What is needed is an exact copy of the whole listing below, with no pictures.

• SOURCE MATERIAL:
----------------

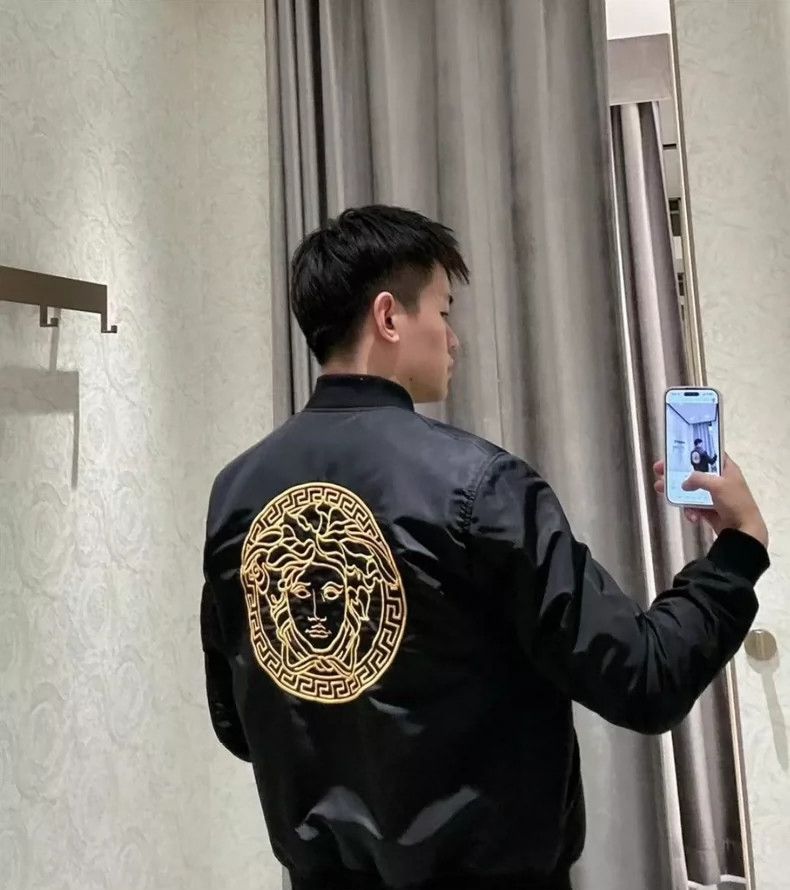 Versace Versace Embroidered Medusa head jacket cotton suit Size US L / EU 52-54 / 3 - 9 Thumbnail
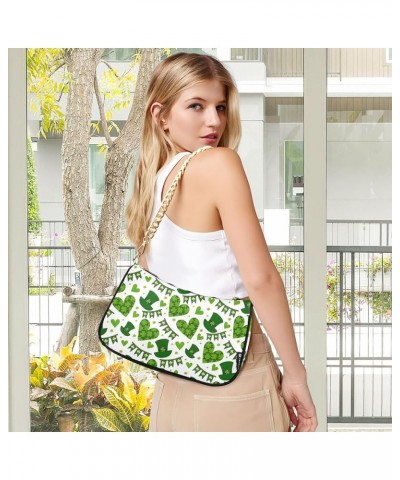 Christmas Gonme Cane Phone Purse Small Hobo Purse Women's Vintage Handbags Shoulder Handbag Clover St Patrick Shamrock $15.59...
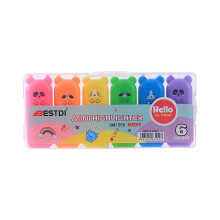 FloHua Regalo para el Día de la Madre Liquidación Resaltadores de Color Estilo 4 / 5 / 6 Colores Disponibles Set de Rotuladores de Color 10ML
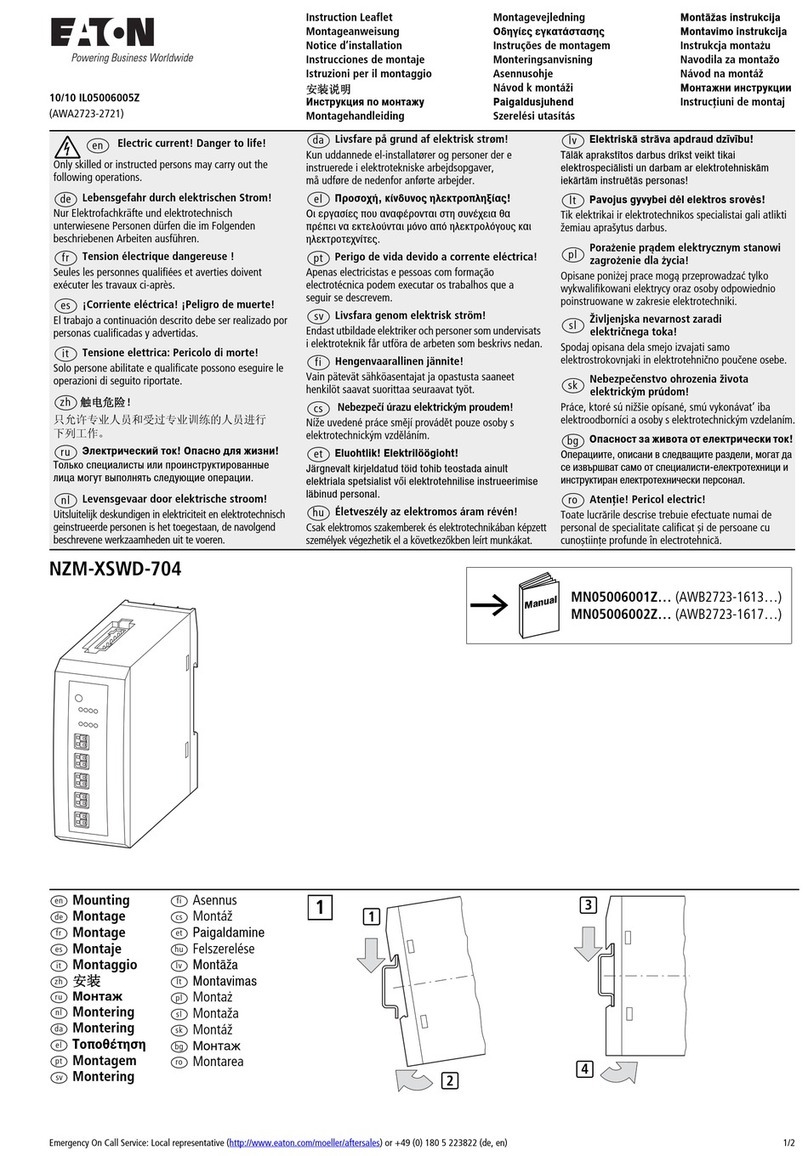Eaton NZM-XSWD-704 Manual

----------------

• SOLUTION:
 Versace Versace Embroidered Medusa head jacket cotton suit Size US L / EU 52-54 / 3 - 9 Thumbnail
 Christmas Gonme Cane Phone Purse Small Hobo Purse Women's Vintage Handbags Shoulder Handbag Clover St Patrick Shamrock $15.59...
 FloHua Regalo para el Día de la Madre Liquidación Resaltadores de Color Estilo 4 / 5 / 6 Colores Disponibles Set de Rotuladores de Color 10ML
Eaton NZM-XSWD-704 Manual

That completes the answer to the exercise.